TLDR;
This video serves as an introductory guide to linked lists, contrasting them with arrays and explaining their structure, advantages, and real-world applications. It covers the fundamental concepts of linked lists, including their non-contiguous memory allocation, dynamic sizing, and the use of pointers for traversal. The video also explains how to define and manipulate linked lists in both C++ and Java, including converting arrays to linked lists, traversing linked lists, and determining their length.
- Linked lists are dynamic data structures that can grow or shrink in size, unlike arrays.
- Elements in a linked list are not stored in contiguous memory locations.
- Each element in a linked list contains data and a pointer to the next element.
- Linked lists are used in stacks, queues, and browser navigation.
- The video provides code examples in both C++ and Java.
Introduction to Linked Lists [0:03]
The lecture introduces the concept of linked lists as a data structure that, unlike arrays, can dynamically increase or decrease in size. Arrays have a fixed size and store elements in contiguous memory locations, making it impossible to add elements beyond the defined size. Linked lists, however, do not have this limitation.
Linked List Structure and Memory Allocation [2:36]
Linked lists store elements in a non-contiguous manner in the heap memory. Each element, whether it's an integer, double, or another data type, is stored along with a pointer to the next element in the list. This structure allows for dynamic resizing, as new elements can be added anywhere in the heap memory without needing adjacent space. Traversal through a linked list is achieved by following these pointers from one element to the next, starting from the head, which is the first element in the list, and ending at the tail, which points to null.
Advantages and Use Cases of Linked Lists [5:14]
The primary advantage of linked lists over arrays is their ability to dynamically change size. This makes them suitable for applications like stacks and queues, where the size of the data structure needs to vary. In real-world scenarios, linked lists are used in browser navigation to manage the history of visited pages, allowing users to go back and forward.

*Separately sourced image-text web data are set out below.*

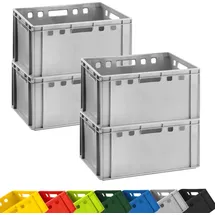 Buri 4x Fleischkiste E3 Metzgerkiste 60x40x30cm lebensmittelecht, robust, stapelbar - Eurokisten Lagerkiste Stapelkiste aus Deutschland, Farbe:grau - Grau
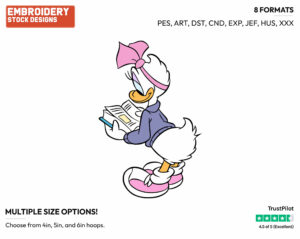 Young Daisy Reading Book - Disney's Daisy Duck - Embroidery Design in 3 sizes & 8 formats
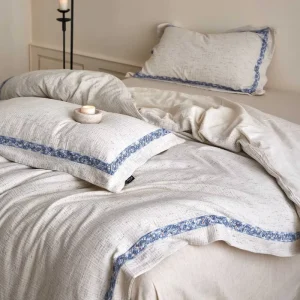 Ancient Style Cotton Linen Bedding Set Natural Color Plant Jacquard Blue Edge Skin Friendly Luxury Bed Sheets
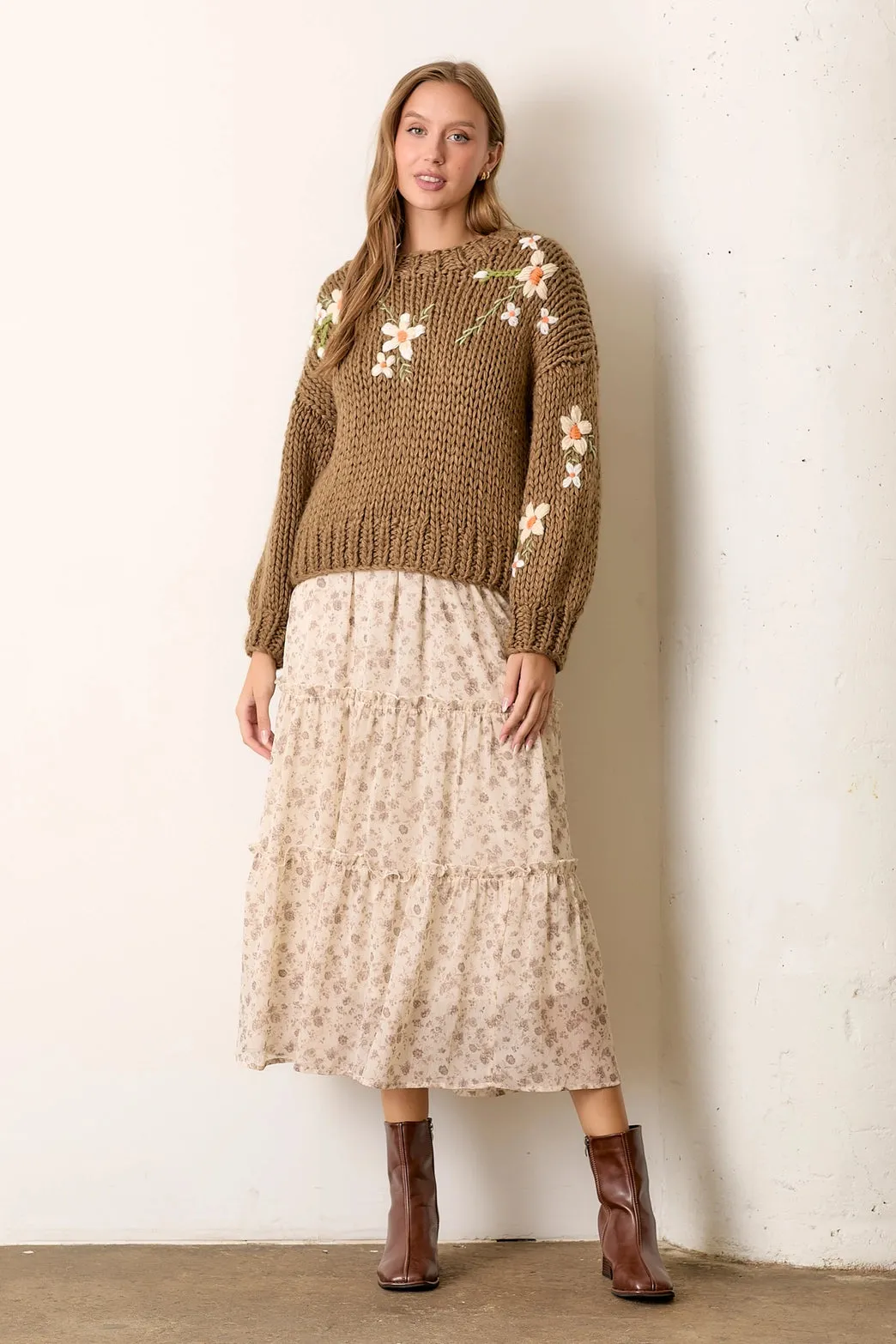The Wren Embroidered Floral Sweater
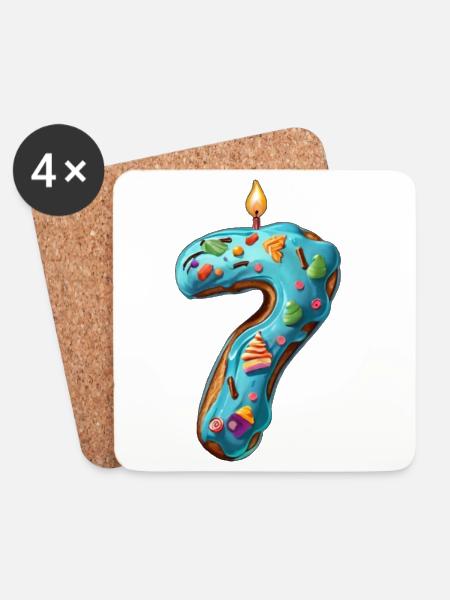 NUMMER 7 KUCHEN SWEET 7. GEBURTSTAG - Untersetzer (4er-Set) - Weiß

Data Structures: Structs, Classes, and Self-Defined Objects [13:18]
To implement linked lists, it's essential to understand structs and classes, which are used to create self-defined data types. In C++, a struct or class is defined to hold both the data and a pointer to the next node. The new keyword is used to allocate memory for a new node, and a constructor is used to initialise the node's data and next pointer. While structs and classes can be used interchangeably, classes offer object-oriented programming concepts like abstraction and encapsulation.
Implementing Linked Lists in Java [24:12]

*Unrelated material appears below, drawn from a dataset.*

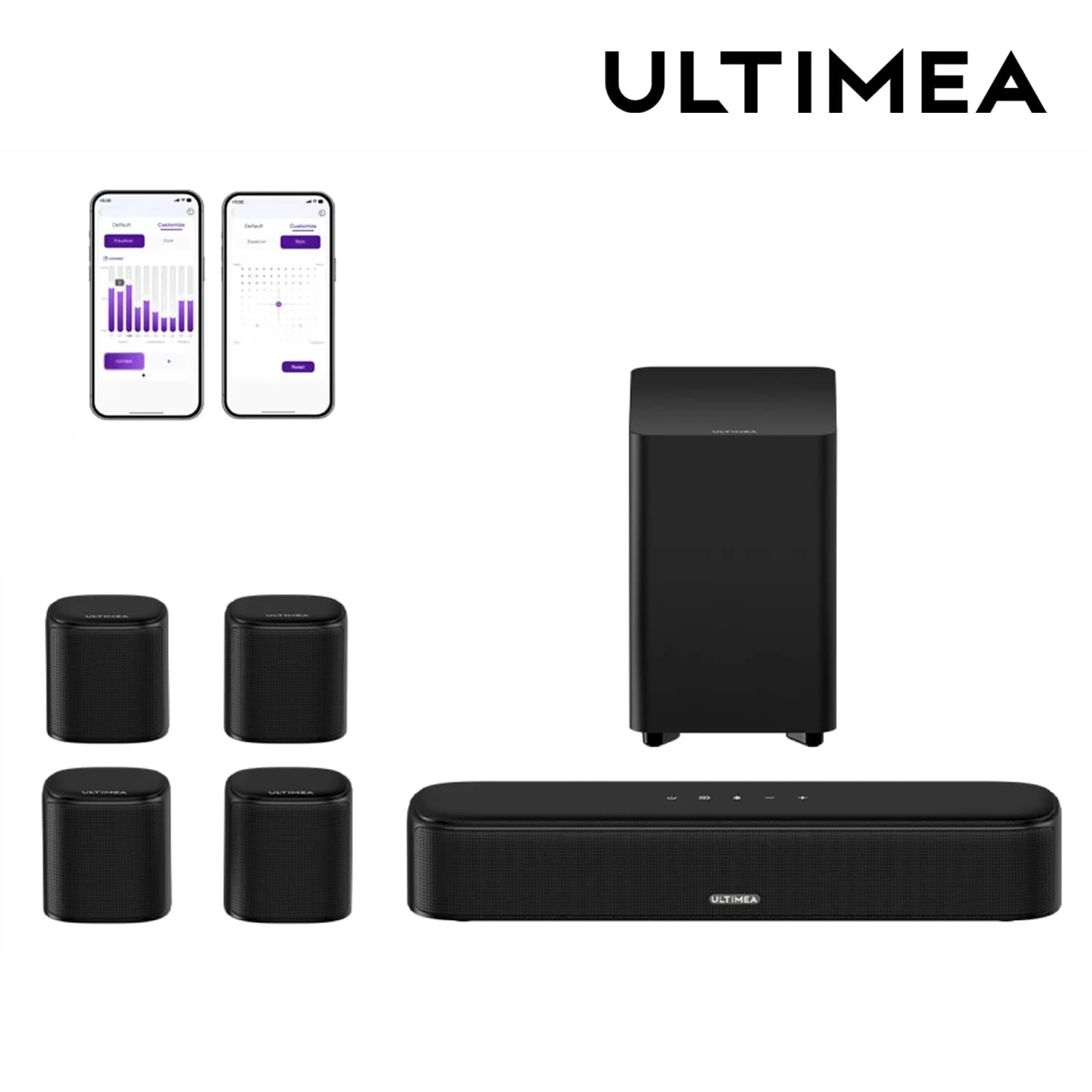 ULTIMEA 7.1 Channel Sound Bar System for TV with 4 Surround Speakers, App Controlled Virtual Surround Sound, Home…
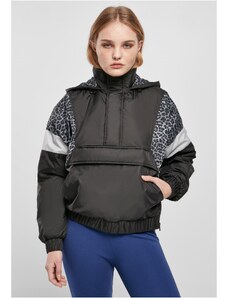 UC Ladies Dámská bunda AOP Mixed Pull Over Black/snowleo/lightasphalt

In Java, linked lists are implemented using classes, similar to C++, but without the concept of pointers. Instead, object references are used. The key differences in Java code include the absence of pointers, the use of . to access class members, and the use of null instead of null pointer. The video demonstrates how easily C++ code can be converted to Java by removing pointers and making these minor adjustments.
Memory Space Considerations [26:28]
The memory space occupied by a linked list depends on the system architecture (32-bit or 64-bit) and the data types being stored. For example, in a 32-bit system, an integer and a pointer each take up 4 bytes, resulting in a total of 8 bytes per node. In a 64-bit system, a pointer takes up 8 bytes, increasing the total memory per node to 12 bytes.
Converting an Array to a Linked List [28:03]
The video explains the process of converting an array into a linked list. The first element of the array becomes the head of the linked list. A mover variable is used to traverse the array, creating new nodes for each element and linking them together. The mover is updated to point to the newly created node, ensuring the linked list is properly connected. The function returns the head of the linked list, which serves as the starting point for traversal.
Traversal in a Linked List [37:21]
Traversal involves visiting each node in the linked list, starting from the head. A temporary variable is used to iterate through the list without tampering with the head. The data in each node is accessed and processed, and the temporary variable is moved to the next node until the end of the list is reached (null).
Finding the Length of a Linked List [40:13]
To find the length, a counter is initialised to zero. The list is traversed, and the counter is incremented for each node visited. The final count represents the length of the linked list.
Searching in a Linked List [42:01]
Searching involves traversing the list to check if a given element is present. Each node's data is compared to the target value. If a match is found, the function returns true; otherwise, it continues until the end of the list. If the element is not found, the function returns false. The time complexity for searching is O(n) in the worst case.